Home News Hackers Evade Secure Email Gateways via Advanced Phishing Attacks

Hackers Evade Secure Email Gateways via Advanced Phishing Attacks

Phishing, phishing attacks

Cybercriminals are increasingly leveraging social engineering scams via sophisticated phishing techniques. According to a research from Ironscales, nearly 50% of all advanced phishing attacks like spear-phishing and social engineering evade popular secure email gateways (SEGs). Ironscales researchers stated they evaluated the effectiveness of Microsoft ATP, Mimecast, Proofpoint, and other SEGs services in preventing advanced email attacks.

It was found that the majority of the phishing emails were social engineering techniques, including email spoofing, business email compromise (BEC), executive impersonation, and other email frauds.

Key Findings

  • The research emulated 162 emulations against the top SEGs, equating to 16,200 malicious messages sent.
  • Over 7,614 emails bypassed the SEG and landed inside the inbox. Interestingly, both Proofpoint and Mimecast incurred a greater penetration rate than Microsoft ATP.
  • The SEGs were mostly successful at thwarting phishing emulations containing malicious payloads. Emulations with links had a penetration rate of only 3%, while those with attachments had a penetration rate of just 4%.
  • The phishing attack technique with the greatest penetration rate was sender name impersonations. Sender name impersonations accounted for 30% of all SEG penetrations, which represents a 6% increase from our 2019 analysis.
  • Domain name impersonations accounted for 25% of penetrations. This represents a 23% increase from the 2019 research.
  • VIP impersonations, such as CEO spoofs, and fake login pages came in at 22% and 16%, respectively.

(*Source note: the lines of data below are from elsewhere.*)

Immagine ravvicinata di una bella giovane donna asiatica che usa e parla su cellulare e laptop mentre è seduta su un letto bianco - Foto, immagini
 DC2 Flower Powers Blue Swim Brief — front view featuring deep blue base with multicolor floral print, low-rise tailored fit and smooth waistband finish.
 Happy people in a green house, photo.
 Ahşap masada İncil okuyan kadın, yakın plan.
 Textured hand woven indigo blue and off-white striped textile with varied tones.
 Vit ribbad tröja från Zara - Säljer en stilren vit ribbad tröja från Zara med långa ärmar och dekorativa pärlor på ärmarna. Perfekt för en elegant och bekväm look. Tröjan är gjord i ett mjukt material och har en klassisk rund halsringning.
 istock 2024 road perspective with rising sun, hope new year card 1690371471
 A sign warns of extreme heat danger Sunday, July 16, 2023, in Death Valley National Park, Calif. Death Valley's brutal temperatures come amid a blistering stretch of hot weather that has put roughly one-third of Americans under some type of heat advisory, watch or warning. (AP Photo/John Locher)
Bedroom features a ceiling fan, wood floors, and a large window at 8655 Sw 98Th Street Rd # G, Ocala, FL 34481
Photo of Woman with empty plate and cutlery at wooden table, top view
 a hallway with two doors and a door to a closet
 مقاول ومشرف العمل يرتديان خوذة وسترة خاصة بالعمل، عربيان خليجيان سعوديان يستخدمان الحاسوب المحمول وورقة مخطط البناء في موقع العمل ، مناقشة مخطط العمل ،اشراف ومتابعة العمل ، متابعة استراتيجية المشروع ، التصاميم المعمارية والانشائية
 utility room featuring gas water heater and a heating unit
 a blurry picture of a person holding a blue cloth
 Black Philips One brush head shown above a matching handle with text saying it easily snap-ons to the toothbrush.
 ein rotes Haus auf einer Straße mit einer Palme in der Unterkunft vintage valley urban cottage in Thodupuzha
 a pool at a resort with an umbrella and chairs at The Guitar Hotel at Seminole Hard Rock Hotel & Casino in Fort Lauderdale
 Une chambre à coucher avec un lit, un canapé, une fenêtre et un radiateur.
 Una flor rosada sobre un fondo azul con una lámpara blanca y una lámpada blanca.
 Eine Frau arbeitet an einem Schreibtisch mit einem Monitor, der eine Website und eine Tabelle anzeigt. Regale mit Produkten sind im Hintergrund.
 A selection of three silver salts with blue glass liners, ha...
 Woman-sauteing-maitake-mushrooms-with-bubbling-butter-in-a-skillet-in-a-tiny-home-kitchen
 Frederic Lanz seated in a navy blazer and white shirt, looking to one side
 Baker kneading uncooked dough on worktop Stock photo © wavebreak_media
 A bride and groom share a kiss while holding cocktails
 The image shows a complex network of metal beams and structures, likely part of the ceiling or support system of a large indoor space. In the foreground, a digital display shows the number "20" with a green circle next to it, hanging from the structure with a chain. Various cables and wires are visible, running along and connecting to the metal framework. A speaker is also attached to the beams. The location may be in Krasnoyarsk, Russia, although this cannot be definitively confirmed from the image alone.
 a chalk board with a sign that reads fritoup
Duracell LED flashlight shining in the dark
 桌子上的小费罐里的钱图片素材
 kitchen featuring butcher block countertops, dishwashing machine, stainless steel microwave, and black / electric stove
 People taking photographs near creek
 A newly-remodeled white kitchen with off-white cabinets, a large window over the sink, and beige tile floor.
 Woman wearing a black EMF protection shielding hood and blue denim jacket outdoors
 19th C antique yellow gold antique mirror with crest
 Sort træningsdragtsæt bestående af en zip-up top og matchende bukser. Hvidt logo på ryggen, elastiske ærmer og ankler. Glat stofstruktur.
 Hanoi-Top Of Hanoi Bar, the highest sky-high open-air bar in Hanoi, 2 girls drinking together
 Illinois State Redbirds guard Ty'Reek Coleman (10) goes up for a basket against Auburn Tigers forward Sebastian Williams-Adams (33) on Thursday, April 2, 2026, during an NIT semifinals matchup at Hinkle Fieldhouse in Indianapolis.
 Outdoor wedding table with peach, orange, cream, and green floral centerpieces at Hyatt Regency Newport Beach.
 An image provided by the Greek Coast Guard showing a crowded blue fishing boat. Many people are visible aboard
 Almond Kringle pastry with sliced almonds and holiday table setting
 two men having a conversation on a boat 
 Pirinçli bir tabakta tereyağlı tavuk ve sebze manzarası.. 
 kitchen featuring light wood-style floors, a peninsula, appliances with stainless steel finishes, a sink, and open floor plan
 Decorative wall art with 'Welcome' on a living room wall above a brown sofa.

“From an attacker’s perspective, the transition from spear-phishing emails packed with malicious payloads to social engineering was a no brainer. The most commonly deployed secure email gateways, such as Microsoft Advanced Threat Protection (ATP), Mimecast, Proofpoint and others, were not built to analyze the language within an email and decipher a message’s context and intent,” the researchers said.